El nuevo nu metal: el género más “macho” vuelve inclusivo

nu metal

Por un lado, alcanza con ver diez minutos de cualquiera de los dos documentales sobre Woodstock 99 (“Trainwreck”por Netflix o “Peace, Love, and Rage” por HBO) para darse cuenta de que no había forma de que no empezaran a surgir bandas jóvenes que rescataran el estilo que hacía de la masculinidad tóxica y guaranga su bandera, en estas épocas en las que la -digámosle- energía contenida incel llega incluso a ser la base de ciertas propuestas políticas.

También parece un paso lógico en la sucesión de modas y cómo se muerden la cola: veníamos viendo un tímido pero sostenido revival del sonido grunge y alternativo de principios de los 90 y, por meras cuestiones cronológicas, es razonable que asome la cabeza lo que vino después de aquello en la consideración del público rockero.

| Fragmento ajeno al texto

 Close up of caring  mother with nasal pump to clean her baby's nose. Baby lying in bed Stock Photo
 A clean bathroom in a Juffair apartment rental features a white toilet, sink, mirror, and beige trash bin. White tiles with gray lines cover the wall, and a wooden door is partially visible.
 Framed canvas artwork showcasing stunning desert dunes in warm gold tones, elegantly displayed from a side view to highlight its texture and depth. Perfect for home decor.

Aunque a algunos ahora pueda resultarle insólito, hay que decir que el nu metal no era una opción dentro del mainstream a fines de los 90: era la opción, el mainstream mismo, la única apuesta del conglomerado de edición y difusión de música masiva. Las discográficas fichaban cualquier cosa que sonara nu metal o se vistiera como tal (de ahí la cadena que empieza con buenas bandas como Korn y termina con esperpentos como Crazy Town) y la MTV, que ya no tenía Nirvanas para pasar, se dedicaba a enhebrar videos del género como si jamás se hubiera grabado otra cosa. Así, los pibitos descubrieron hace un par de años los discos de Pearl Jam de sus papás y ahora otros pibitos, más jóvenes todavía, le están echando mano a Significant Other (1999) de Limp Bizkit.

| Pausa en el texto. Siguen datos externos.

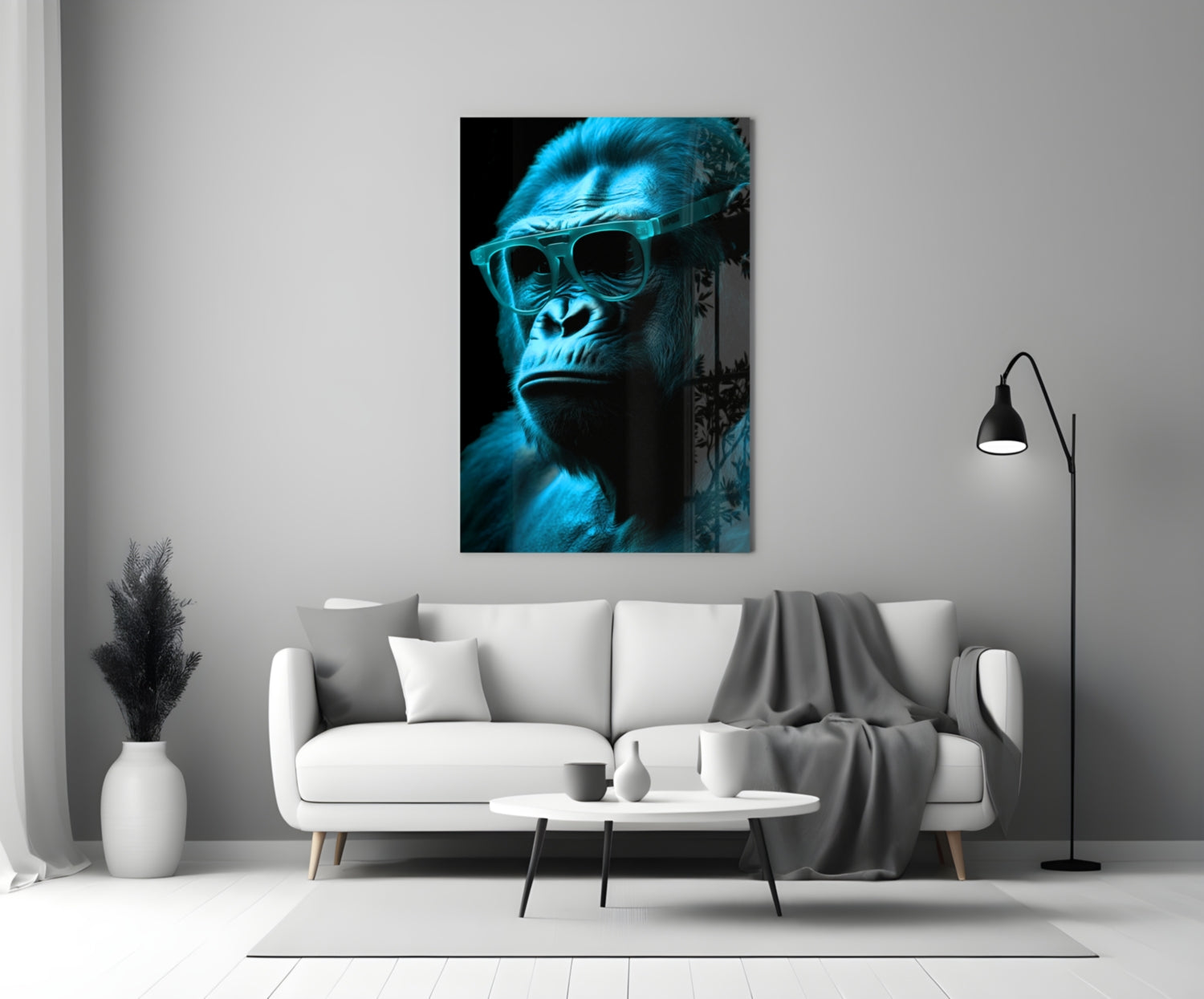 Blue-tinted gorilla wearing sunglasses displayed on white living room wall above gray sofa.
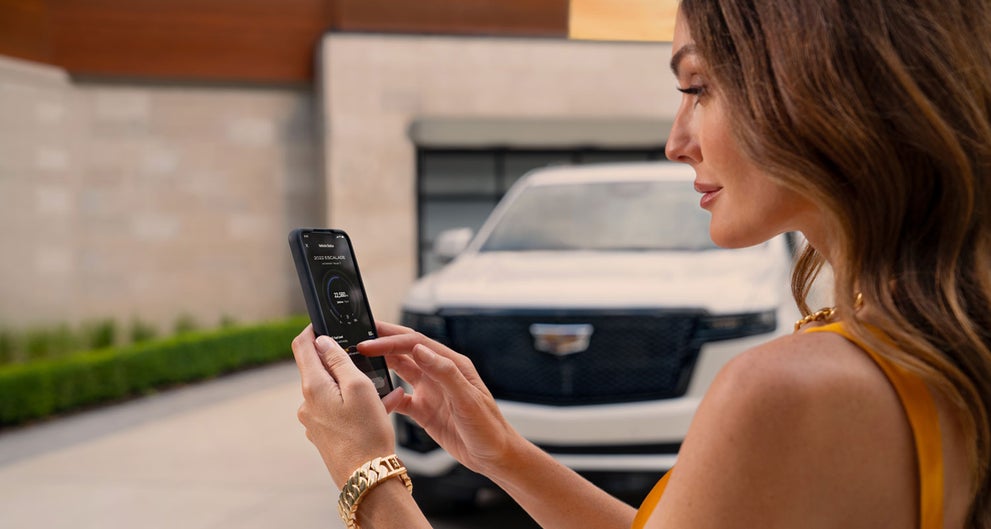lady checking her mobile with a Cadillac vehicle background | Dimmitt Cadillac of Clearwater in Clearwater FL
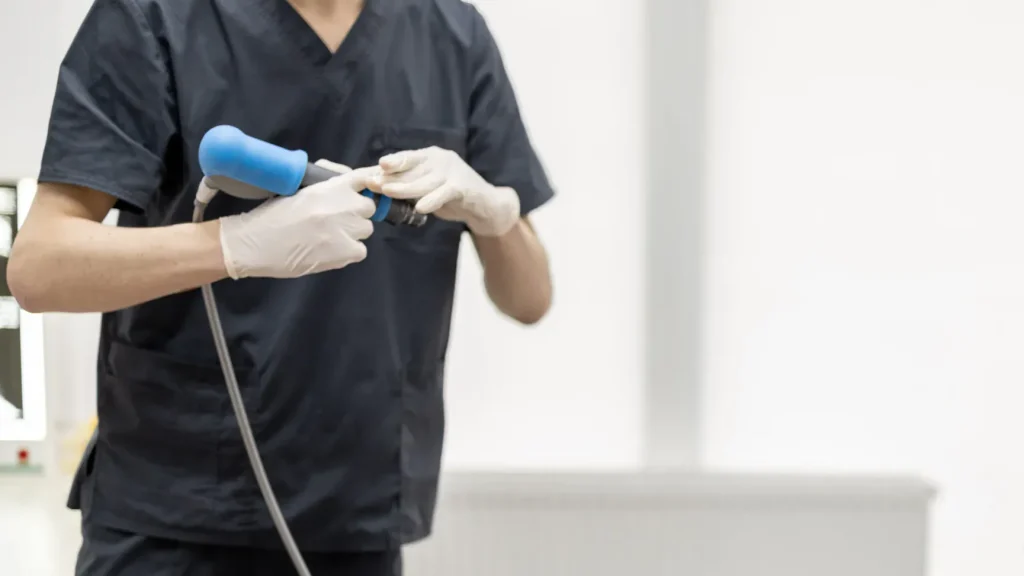 A practitioner wearing scrubs and gloves adjusts a shockwave therapy handpiece during a treatment session.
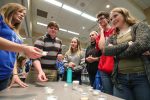 UNK junior Shyann Cochrane, left, leads an “odor identification” activity Tuesday during a psychology fair in the Nebraskan Student Union Ponderosa Room. Only a couple of high schoolers correctly identified all of the mystery scents. (Photo by Corbey R. Dorsey, UNK Communications)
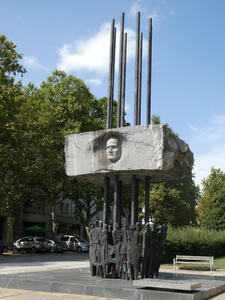 Sculpture of a man’s head emerging from a concrete block supported by steel rods. At the base of the rod are sculptures of people.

Hasta ahí todo razonable. Lo que no vimos venir es que aquel género que, como decíamos, trascendió como la representación musical de un gordo blanco rubio estadounidense de la fraternidad Alpha Beta Epsilon que se aplasta latas de cerveza vacías en la frente (dejamos un asterisco acá para señalar que esta descripción es, a propósito, sesgada) pudiera volver encarnado en artistas mujeres o sosteniendo banderas de las causas sociales, queer o BIPOC (“negro, indígena y persona de color”, por su sigla en inglés).

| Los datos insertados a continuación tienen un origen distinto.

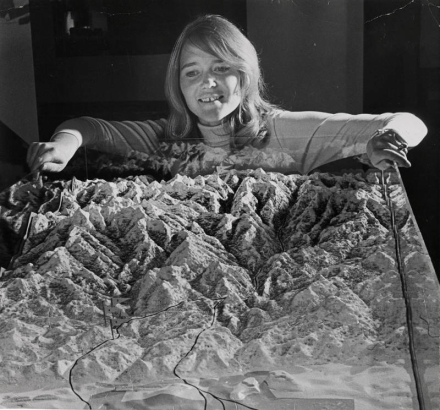 Miss Brigitte Bastian, sports secretary to the Denver Olympic Committee, surveys a scale model of Denver and surrounding mountains to be used in the city's bid for the 1976 Winter Olympic Games. Denver will make its presentation May 12 in Amsterdam.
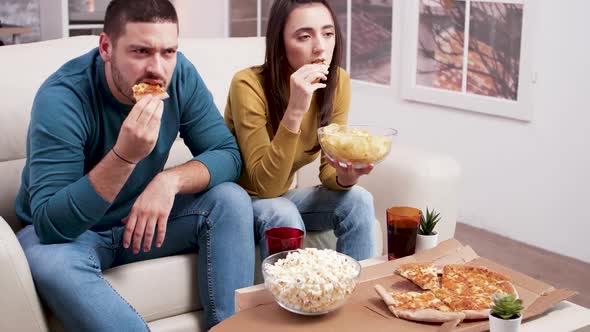 Scared Couple After a Frightening Moment in the Movie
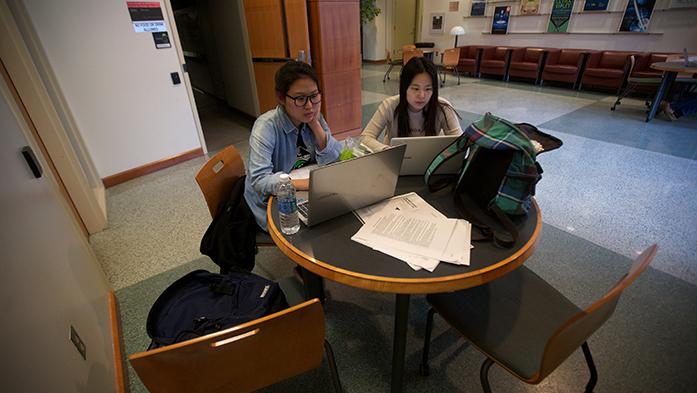 UI students Inhee Choi, left, and Minsook Choi study inside the engineering building on Tuesday, March 22, 2016. According to the Department of Homeland Security, international students who graduate with science, technology, engineering, and mathematics (STEM) degrees may now participate in Optional Practical Training. (File photo/The Daily Iowan)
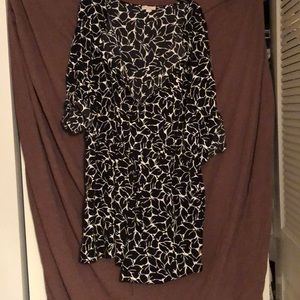 3/4 sleeved romper with a sinching waist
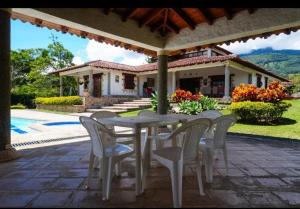 a table and chairs on a patio in front of a house at La Mona in Calima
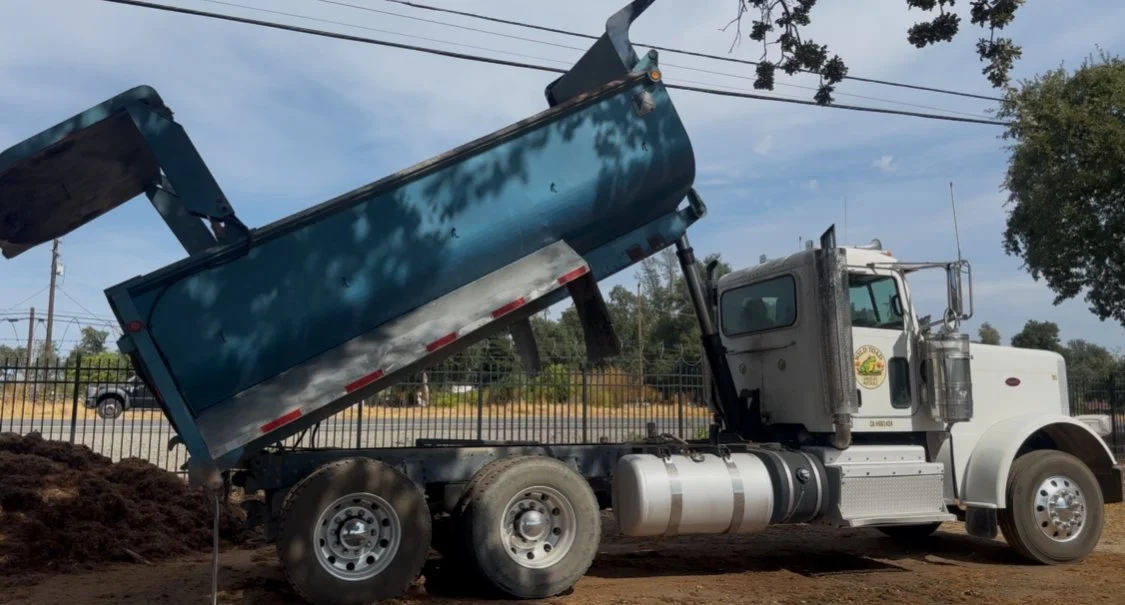 Bulk material delivery truck from Wild Toad Landscape Materials providing service to Anderson, Redding, Cottonwood, and surrounding communities.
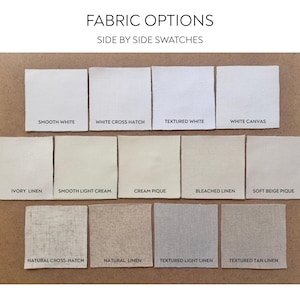 May include: Fabric swatches in various shades of white, cream, and beige. The image includes the text "FABRIC OPTIONS SIDE BY SIDE SWATCHES". The swatches are labeled with fabric names such as "Smooth White", "Ivory Linen", and "Natural Linen".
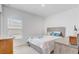 Cozy bedroom with neutral walls, twin bed, and dresser, creating a comfortable and inviting space at 392 Citrine Loop, Kissimmee, FL 34758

“Quería hacer una especie de música agresiva y clown. Quería que fuera desconcertante, extraño, lo opuesto a la linda música rock de chicas indie”, dijo Sasami, una artista estadounidense de raíces asiáticas que nació en 1990 (o sea: cuando Linkin Park sacó Hybrid Theory tenía diez años) y que migró de un sonido amigable experimental pero amigable en su primer disco homónimo del 2019 a una mugre arrasadora y riffera en Squeeze de 2022. Ahí parece estar la clave: reaccionar a los buenos modos del pop -saturado de baile y amor y desamor y percusión y sintes- haciendo música que ni las chicas buenas ni lo que el mainstream entiende por chicas malas están haciendo. Y acá es donde resolvemos el asterisco del párrafo anterior, porque el primer impulso es asociar la declaración de Sasami el nu metal con una asimilación de aquella energía masculina y -en criollo- boludona que transmite el género, pero eso sería quedarse sólo con una parte de la escena. Es cien por ciento real que existió el tocaculos de Fred Durst, transpirado en bermudas, cantando “es uno de esos días en los que me siento como un tren de carga, el primero que se queje se va con una mancha de sangre, ¡carajo, soy un maniático!”, pero igual de cierto es que bandas como Korn o Deftones se alimentaban mucho más de la oscuridad y la angustia que de la bravuconada. El nu metal era, en parte, el estilo con el que los atletas de la prepa se emborrachaban y salían a patear crotos, pero mucho más era el que le salvaba la vida al pibe raro al que aquellos gansos le hacían bullying. Así, la “usurpación” del nu metal por parte de artistas mujeres en 2023 parece una jugada maestra: es honrar una tradición y a la vez robarle el grito a los trolls que les piden que muestren las tetas en Instagram.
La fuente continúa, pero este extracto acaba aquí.